## What is needed:
Within the listing below, the lines to output run from the one containing "Lipoprotein(a) and Cardiovascular" through the one containing "After: bright, natural-looking smile"; copy them exactly and nothing else.

Content starts

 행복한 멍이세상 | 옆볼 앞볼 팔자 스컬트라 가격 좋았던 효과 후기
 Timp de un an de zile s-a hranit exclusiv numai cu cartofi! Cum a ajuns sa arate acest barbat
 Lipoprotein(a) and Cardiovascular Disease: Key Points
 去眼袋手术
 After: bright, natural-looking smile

Content ends
Content starts

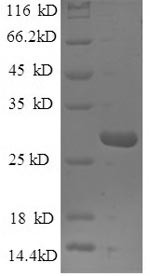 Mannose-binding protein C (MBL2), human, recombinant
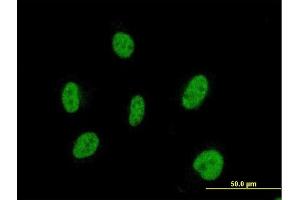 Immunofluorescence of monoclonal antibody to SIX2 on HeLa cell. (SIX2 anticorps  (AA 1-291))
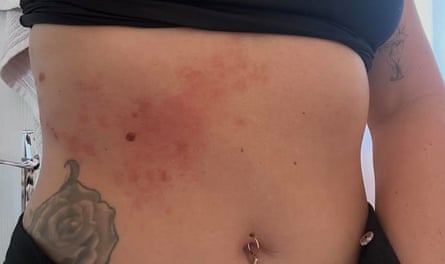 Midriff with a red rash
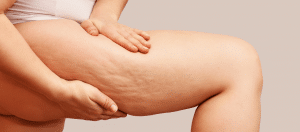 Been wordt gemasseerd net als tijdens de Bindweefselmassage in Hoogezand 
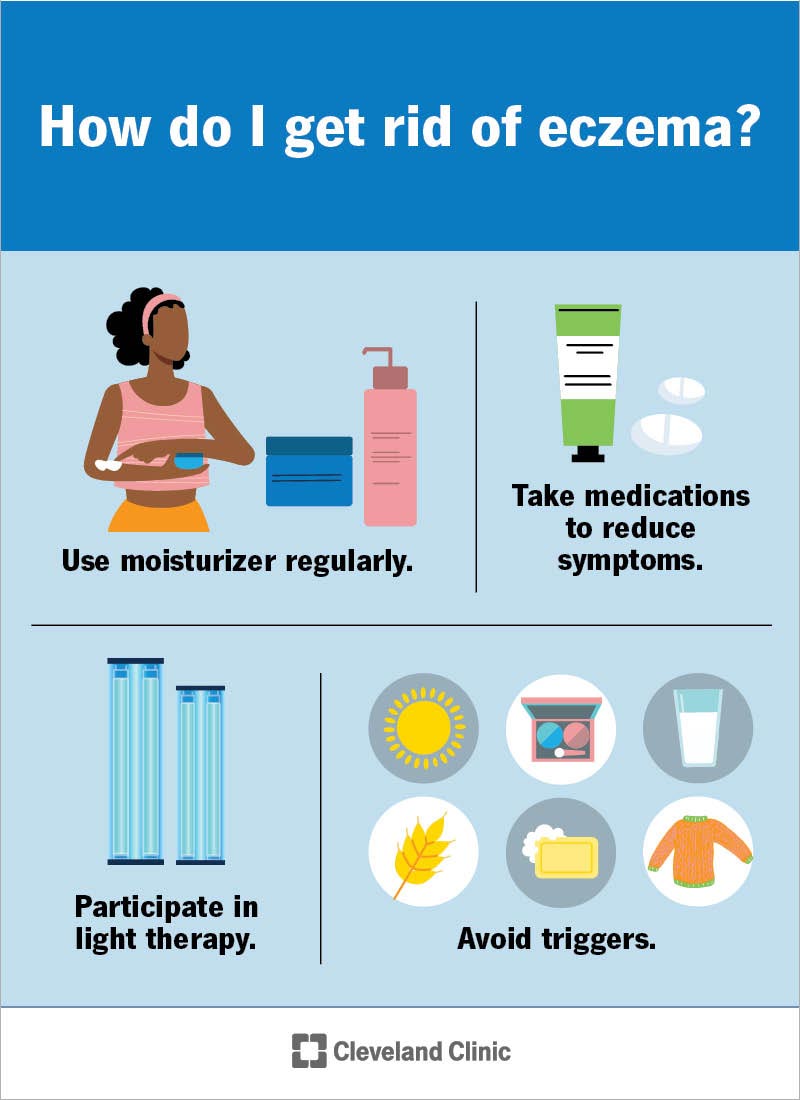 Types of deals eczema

Content ends

## Finished exercise:
 Lipoprotein(a) and Cardiovascular Disease: Key Points
 去眼袋手术
 After: bright, natural-looking smile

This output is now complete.